Compliant applications are source code portable between LAM and any other implementation of MPI. In addition to meeting the standard in a high quality manner, LAM offers extensive monitoring capabilities to support debugging. Monitoring happens on two levels. LAM has the hooks to allow a snapshot of process and message status to be taken at any time during an application run. The status includes all aspects of synchronization plus datatype map / signature, communicator group membership and message contents. On the second level, the MPI library is instrumented to produce a cumulative record of communication, which can be visualized either at runtime or post-mortem.
Another strength of this MPI implementation is the movement of non-blocking communication requests, including those that result from buffered sends. This is the real challenge of implementing MPI; everything else is mostly a straight forward wrapping of an underlying communication mechanism. LAM allows messages to be buffered on the source end in any state of progression, including partially transmitted packets. This capability leads to great portability and robustness.
Up-to-Date
Information
The LAM home page can be found on the World Wide Web at:
http://www.lam-mpi.org/ . It should be consulted for
the most current information about LAM, as well as updates,
patches, etc.
Direct MPI
Communication
The sophisticated message advancing engine at the heart of
the MPI library uses only a handful of routines to drive the
underlying communication system.
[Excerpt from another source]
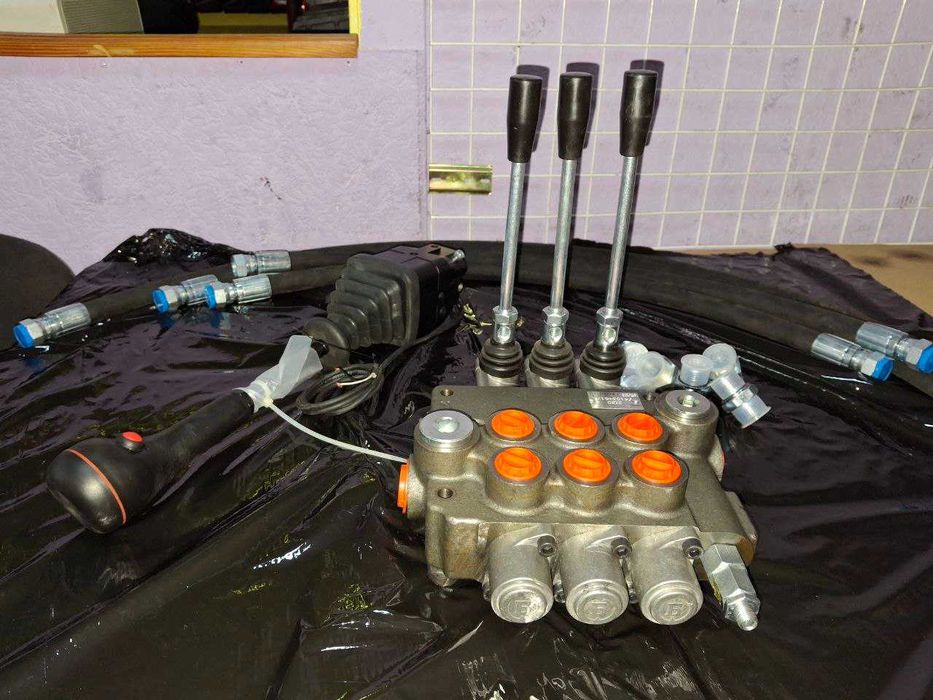 Дивертор потока электромагнитный DVS6 делитель/дільник потока 12-24В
Runtime flags decide which
implementation of these low-level routines is used, so
recompilation is not necessary. The default implementation
uses LAM’s network message-passing subsystem,
including its buffer daemon. In this "daemon"
mode, LAM’s extensive monitoring features are fully
available. The main purpose of daemon based communication is
development, but depending on the application’s
decomposition granularity and communication requirement, it
may also be entirely adequate for production execution.
The other implementation of the MPI library’s low-level communication intends to use the highest performance underlying mechanism, certainly bypassing the LAM daemon and connecting directly between application processes. This is the "client to client" mode (C2C).
The availability of optimal C2C implementations will continue to change as architectures come and go. At the least, LAM includes a combination TCP/IP and shared memory implementation of C2C that bypasses the LAM daemon.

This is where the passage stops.